Our Mission

At BachBeer, we look at classical music through beer goggles. Visit any city in America, and you’ll likely find a brewery or five, each of which features traditional favorites, experimental offerings, and local ingredients. We’ve spent enough time with brewing enthusiasts to know that people can be thoughtful without taking themselves too seriously. We hope this blog, like a fine beer, will spark new ideas, good conversation, and fun.

Our Team

Mags and Seb are the pen names of this site’s creators. They were inspired by Johann Sebastian Bach and his second wife, Anna Magdalena Wilcke.

Seb and Mags are professional musicians. Mags is a full-time church organist, and Seb is a part-time organist with a day job.

MAGS is the creative one. She came up with the name BachBeer, and she also drew the BachBeer logo.

Mags
Mags at Sugar Creek, one of BachBeer’s favorite breweries

SEB turns Mags’s dreams into reality. He manages the website, and he writes the first drafts of most posts. But both Mags and Seb work together on all content. They also share all the beer.

Seb with program
Seb peruses the program of the Bach Akademie Charlotte

Our Name

We chose the name BachBeer for two reasons. First, as we explained in a post, Bach drank a lot of beer.

Second, the name reminds us of one of our favorite types of beers. Bock beer, like Bach, is German. In fact, the word bock means goat or ram in German.

Cartoon Goat clip art

The good people at HopCulture magazine describe bock as a lightly hopped dark amber lager with strong malt flavors. It typically is 6 to 7 percent ABV.

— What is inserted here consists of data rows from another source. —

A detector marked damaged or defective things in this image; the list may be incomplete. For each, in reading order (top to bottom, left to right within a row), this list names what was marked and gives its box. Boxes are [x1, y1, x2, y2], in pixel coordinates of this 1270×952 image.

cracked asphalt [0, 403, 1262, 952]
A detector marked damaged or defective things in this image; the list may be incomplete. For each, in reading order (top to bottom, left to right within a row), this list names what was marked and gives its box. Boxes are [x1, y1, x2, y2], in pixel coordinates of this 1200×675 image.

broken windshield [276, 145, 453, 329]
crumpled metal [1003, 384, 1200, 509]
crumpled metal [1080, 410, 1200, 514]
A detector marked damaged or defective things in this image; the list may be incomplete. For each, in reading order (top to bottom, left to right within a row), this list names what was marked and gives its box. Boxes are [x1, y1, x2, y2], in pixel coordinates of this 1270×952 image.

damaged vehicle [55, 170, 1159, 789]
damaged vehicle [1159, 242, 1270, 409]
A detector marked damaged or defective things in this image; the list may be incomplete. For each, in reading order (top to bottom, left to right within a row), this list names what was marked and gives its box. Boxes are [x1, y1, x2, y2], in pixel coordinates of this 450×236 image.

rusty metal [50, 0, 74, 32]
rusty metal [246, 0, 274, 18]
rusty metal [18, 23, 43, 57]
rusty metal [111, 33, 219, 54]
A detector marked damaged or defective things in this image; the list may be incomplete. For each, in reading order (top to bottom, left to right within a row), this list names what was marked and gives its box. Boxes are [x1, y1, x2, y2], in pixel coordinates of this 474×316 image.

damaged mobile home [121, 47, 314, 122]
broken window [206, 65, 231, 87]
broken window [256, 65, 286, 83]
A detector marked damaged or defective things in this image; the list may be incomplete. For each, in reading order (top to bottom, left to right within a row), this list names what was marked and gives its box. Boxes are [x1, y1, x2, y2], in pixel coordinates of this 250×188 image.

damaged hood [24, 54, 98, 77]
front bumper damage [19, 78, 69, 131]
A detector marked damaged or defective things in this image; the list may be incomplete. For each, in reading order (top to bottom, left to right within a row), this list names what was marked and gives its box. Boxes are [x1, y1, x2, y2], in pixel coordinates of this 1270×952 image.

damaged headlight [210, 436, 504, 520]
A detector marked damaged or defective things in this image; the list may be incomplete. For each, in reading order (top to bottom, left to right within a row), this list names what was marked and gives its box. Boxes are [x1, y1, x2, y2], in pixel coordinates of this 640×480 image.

Bock first appeared in the fourteenth century in the northern German city of Einbeck. K. Florian Klemp of All About Beer tells its history in an excellent article on the style. Einbeck was a member of the Hanseatic League, a group of European cities that protected each other’s trading interests. It was well situated to produce beer because it was in the middle of a hop-growing region.

In 1612, Duke Maximillian I invited Einbeck’s best brewer, Elias Pichler, to Munich to teach the brewmasters there. Once the Bavarian brewmasters began brewing in the Einbeck style, bock became very popular.

There are several theories about how bock earned its name. Klemp and many other beer historians favor the theory that bock came from a Bavarian word for Einbeck.

At BachBeer, we believe beer and classical music go hand-in-hand. (In fact, we are listening to Chopin as we write this post.) Bock is a good example of that connection. Bock came from a Hanseatic city, and the Hanseatic League also was very important to the development of European music. Bock’s birthplace, Einbeck, is in Saxony, and Bach lived in Saxony when he worked as the cantor of the St. Thomas Church in Leipzig.

When we find connections between music and beer, we develop us a deeper appreciation for two of our favorite things. Beer, like music, is culture, and we believe those cultures grow when they interact with one another. CHEERS!